Ste Foy doubles size of ski domain
les Arcs doubles snow makiing
Savoie dries out

Posted by davidof on Tuesday, 24 July, 2007 at 12:56 PM

As an aside Mr Gaymard’s father was a cobbler who made ski boots for the Goitschel sisters. Mr Gaymard had to leave office after it emerged that he was living in a 600 sq m. State apartment in Paris that he had also had redecorated at the tax payer’s expense. He repaid this money after leaving office.

Posted by davidof on  Tuesday, 24 July, 2007  at 01:50 PM

Another aside - the article refers to the recent doubling of the articifial snow production capacity at Les Arcs, but this apparently disproportionate increase in comparison to other resorts is mainly a result of it lagging far behind in terms of acreage covered, simply because the water supply has been insufficient to date. Now a massive new reservoir is planned, increasing overall supply, and as a consequence the demand on current sources will not be greatly affected…

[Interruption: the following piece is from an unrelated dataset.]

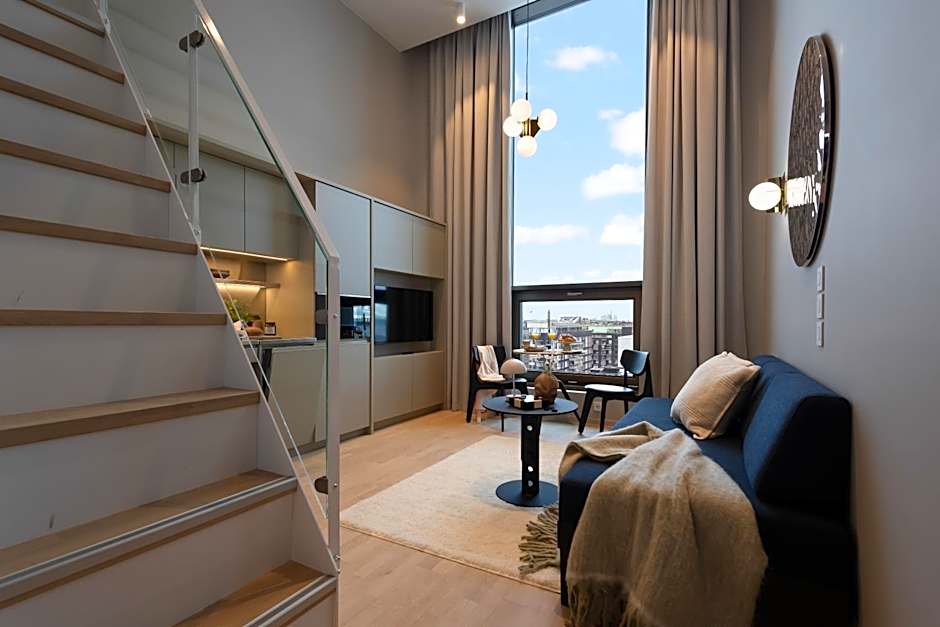 Unity Helsinki - A Studio Hotel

Posted by Peter Garwood on  Wednesday, 25 July, 2007  at 09:19 AM

Maybe the farmers in the Tarentaise Valley need to face upto the fact that their local economy benefits more from skiing than agriculture. Maybe the need to rezone agriculture to just those areas that create high valued added products such as around Beaufort.

I can’t imagine that there are a bunch of unsubsidised farmers there restrained in there expansion plans by a lack of water.

Some ski facilities are obviously subsidised but that is a loss leader to bring in other sales. Cheese tourism is not such a big market.

Posted by  on  Thursday, 26 July, 2007  at 08:37 PM

That’s a good point, it may be that water is better used to make snow and feed tourists than grow grass. However stopping mountain farming may have unintended consequences. For example ungrazed grassy slopes are more avalanche prone.

Pete is right about les Arcs. I think they only have around 20km of pistes with snowmaking out of some 250. However I seem to remember reading on Pete’s own website that they intend to expand snow making to 50% of the domain in the next decade.